Each input record can be thought of as consisting of three parts: leading carriage control, data, and trailing carriage control. Taken together, these three parts are called the composite data record.

Leading and trailing carriage control are determined by the type of carriage control used in the file and explicit carriage-control information returned with each record. For embedded carriage control, however, leading and trailing carriage control is always null.

The type of carriage control returned by the main input routine on the PSM$K_OPEN request code determines, for that invocation of the input routine, how the symbiont applies carriage control to each record that the main input routine returns on the PSM$K_READ request code.

Note that, for all four carriage control types, the first character returned on the first PSM$K_READ call to an input routine receives special processing. If that character is a line feed or a form feed and if the symbiont is currently at line 1, column 1 of the current page, then the symbiont discards that line feed or form feed.

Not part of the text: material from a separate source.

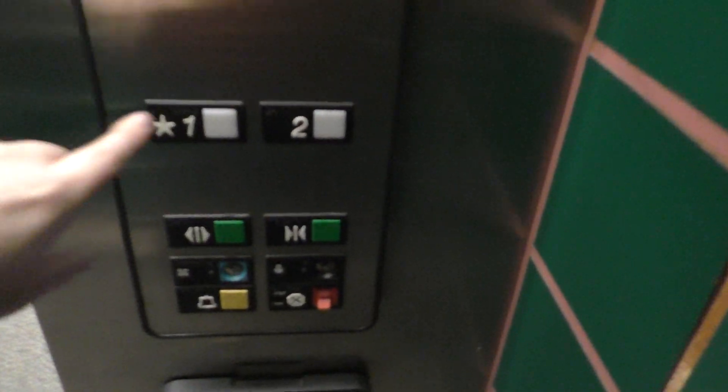Let's go back down to one. The door close button works — I like that.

The Four Types of Carriage Control

The following table briefly describes each type of carriage control and how the symbiont's main input routine processes it. For a detailed explanation of each type of carriage control, refer to the description of the FAB$B_RAT field of the FAB block in the OpenVMS Record Management Services Reference Manual.

Type of Carriage Control	Symbiont Processing
Embedded	Leading and trailing carriage control are embedded in the data portion of the input record. Therefore, the symbiont supplies no special carriage control processing; it assumes that leading and trailing carriage control are null.
Fortran	The first byte of each data record contains a Fortran carriage-control character. This character specifies both the leading and trailing carriage control for the data record. The symbiont extracts the first byte of each data record and interprets that byte as a Fortran carriage-control character. If the data record is empty, the symbiont generates a leading carriage control of line feed and a trailing carriage control of carriage return.
PRN	Each data record contains a 2-byte header that contains the carriage-control specifier. The first byte specifies the carriage control to apply before printing the data portion of the record. The second byte specifies the carriage control to apply after printing the data portion. The abbreviation PRN stands for print-file format. Unlike other types of carriage control, PRN carriage control information is returned through the funcarg argument of the main input routine; this occurs with the PSM$K_READ request. The funcarg argument specifies a longword; your routine writes the 2-byte PRN carriage control specifier into the first two bytes of this longword.
Implied	The symbiont provides a leading line feed and a trailing carriage return. But if the data record consists of a single form feed, the symbiont sets to null the leading and trailing carriage control for that record, and the leading carriage control for the record that follows it.

18.3.3 Writing a Format Routine

To write a format routine, follow the modification procedure described in Section 18.3. Do not replace the symbiont's main format routine. Instead, modify its action by writing input and output filter routines. These execute immediately before and after the main format routine, respectively. The main formatting routine uses an undocumented and nonpublic interface; you cannot replace the main formatting routine. The DCL command PRINT/PASSALL bypasses the main format routine of the print symbiont.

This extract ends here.